Experimental Evaluation: Performance of CATS on Multiple Benchmarks

CATS was validated on benchmarks such as MT-Bench, AlpacaEval, GSM8K, and HumanEval. The evaluation script CATS_dynamic.py outputs metrics including average accepted tokens per step, shallow validator acceptance rate, confusion matrix (TP/TN/FP/FN), precision/recall/F1 score.
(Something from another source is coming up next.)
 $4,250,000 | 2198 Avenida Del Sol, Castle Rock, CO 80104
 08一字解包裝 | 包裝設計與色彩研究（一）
Experiments show that CATS significantly reduces the number of complete forward passes of the target model while maintaining generation quality, making it particularly suitable for deployment on memory-constrained edge devices.

6

Section 06

Technical Implementation Highlights: Flexible Layer Exit and Lightweight Adapter Design

The technical highlights of CATS include:

  • EarlyExitLlamaForCausalLM: A unified forward interface that supports forward propagation for any layer range [start_layer, end_layer), shares KV cache, and enables flexible layer exit;
  • AdapterModel: A lightweight 1-layer decoder with optional residual connections and layer normalization, loaded from config.json and pytorch_model.bin;
  • MultiAdapterCATSModel: Unifies management of the base model and two adapters, implementing a hybrid forward evaluation loop.
7

Section 07

Deployment Recommendations and Future Outlook

Deployment Recommendations

CATS is built based on the Kangaroo codebase, relying on frameworks like PyTorch 2.0.1 and Transformers 4.33.3. Deployment notes:

  1. The adapter directory must contain config.json and pytorch_model.bin;
  2. Hard-coded paths in training scripts need to be modified according to the environment;
  3. Test data must be copied/linked to data/question_mtbench.jsonl during evaluation.

Summary and Outlook

CATS is an important step towards the practical application of speculative decoding, solving the problem of memory-constrained deployment via cascaded adapters. Future exploration directions: compatibility of adapters with more base models, dynamic adjustment of adaptive tree structures, and performance optimization for more edge devices.